Postby Gretyl » Apr 07 2011 03:57:51 pm

Reagraham Lincool wrote:
Gretyl wrote:It's the ideology->platform transition that leads me to criticize ParEcon for being intellectual masturbation. I agree that worker management should move away from power hierarchies if we have proven alternative models. I don't see speculative models that are "shovel-ready", but I will admit I am not looking very hard to find them.

What proof would you accept? If I give you Catalonia during the Spanish Civil War or Ukraine under the Russian Civil War, do those not count as a proof-of-concept for at least the viability of such models?

What I've heard about Catalonia sounds good as far as that goes (only in passing, I can't say much beyond: a lasting experiment in anarchist autonomy). Contemporary thinking has evolved from there to... what? What lessons can be learned or reapplied from those cases? I agree with lots of the moral argumentation involved here, but that doesn't mean I'm all rarrin' to realign my politics.
Furthermore, your desire to avoid "speculative" models in the first place speaks volumes.

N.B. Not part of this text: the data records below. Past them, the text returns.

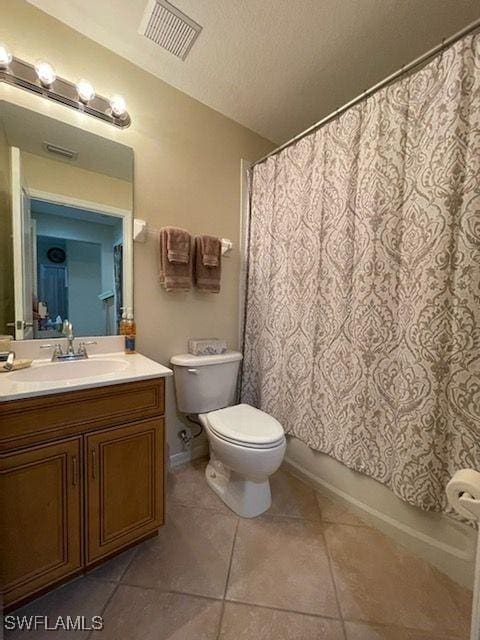 bathroom with a textured ceiling, toilet, vanity, visible vents, and tile patterned floors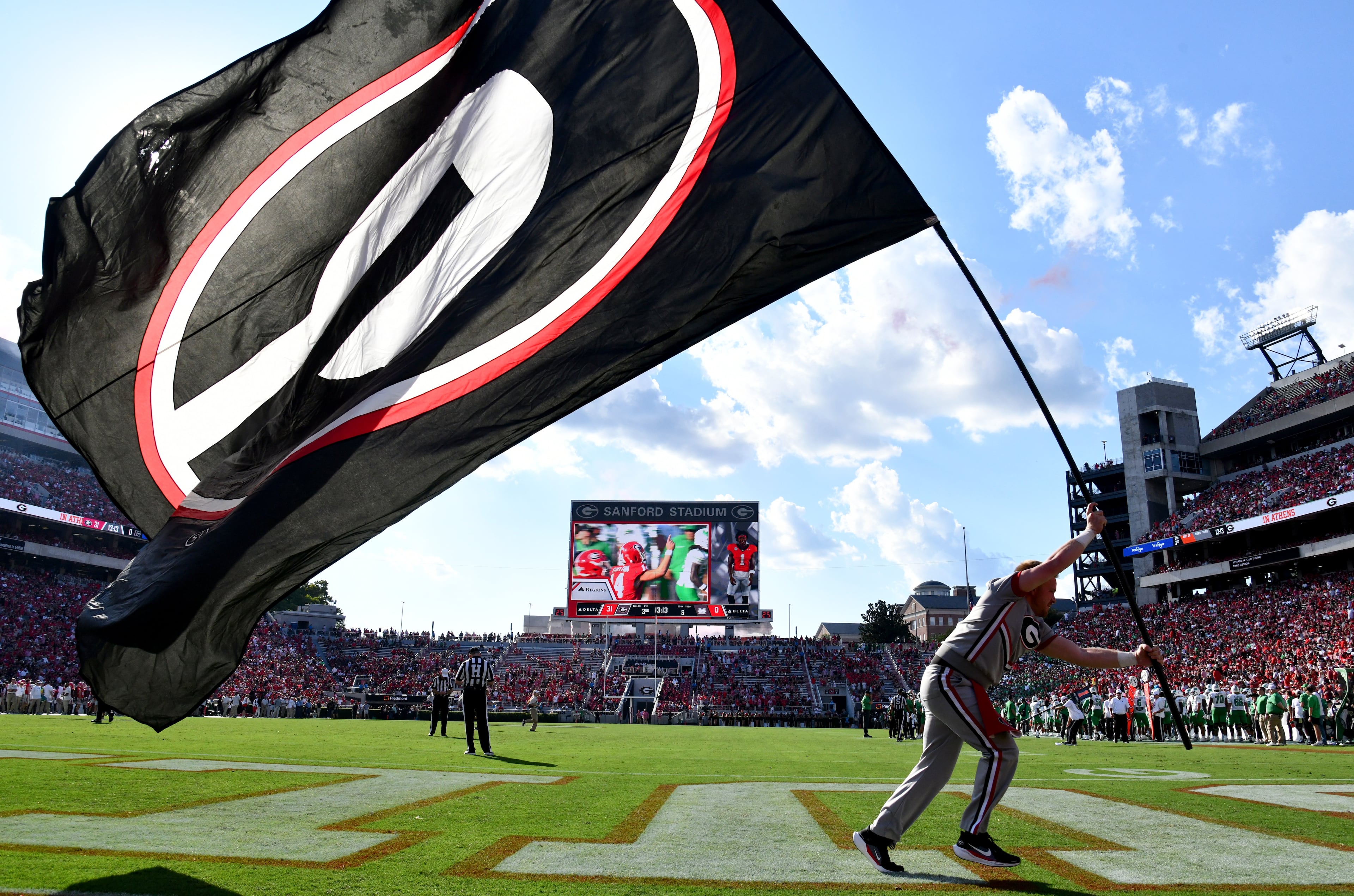 Georgia fans celebrate after wide receiver Zachariah Branch scored a touchdown during the second half in an NCAA football game at Sanford Stadium, Saturday, August 30, 2025, in Athens. Georgia won 45-7 over Marshall. (Hyosub Shin / AJC)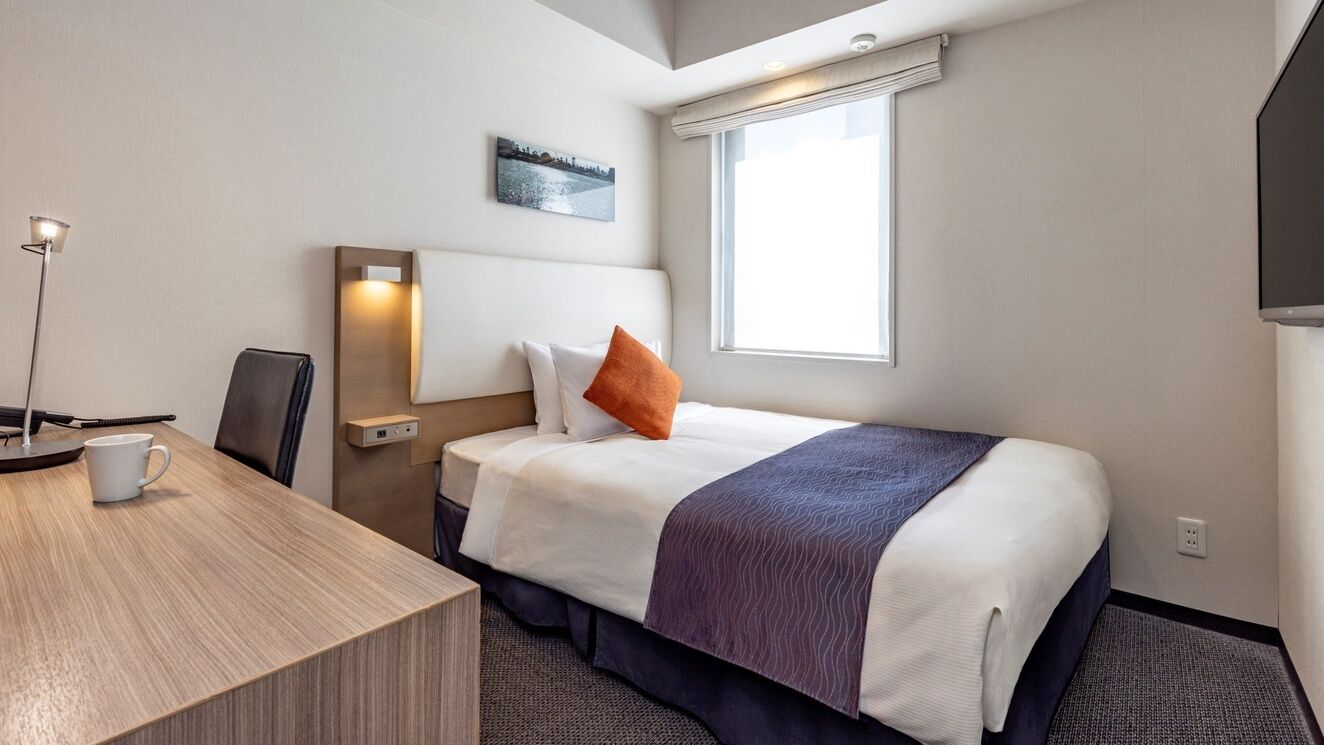 A hotel room with a bed, a desk, a chair, a lamp, a window, and a flat-screen TV.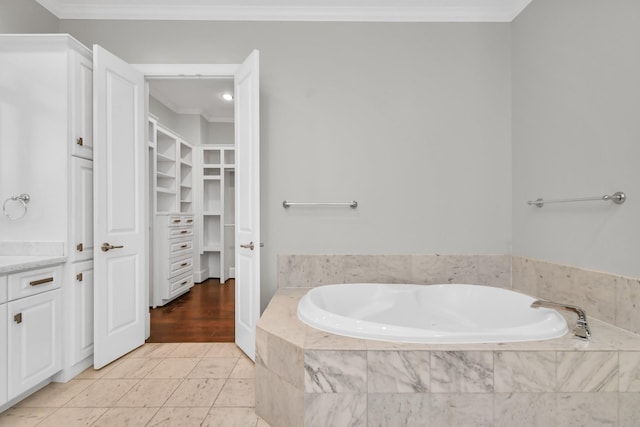 bathroom with tiled tub, crown molding, and tile patterned floors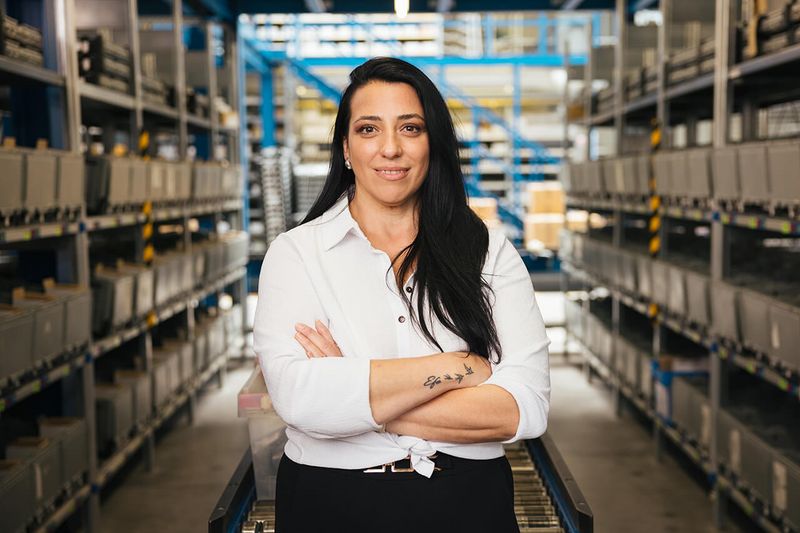 Apollo-Mitarbeiterin mit verschränkten Armen im Logistiklager.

I am a finite being. Being epistemically distant from you is not a crime if I'm willing to learn. I'm curious about speculative models and haven't heard of (m)any. That is not the same as saying I seek to avoid speculative models.
Capitalism (at least of the type advocated by our favorite internet-libertarians) is just as "speculative." And it's no defense to use the form of state-capitalism that represents the status quo. The status quo is built on multiple untenable assumptions (the world being an infinite resource and infinite garbage can being two of the major ones).

Agreed.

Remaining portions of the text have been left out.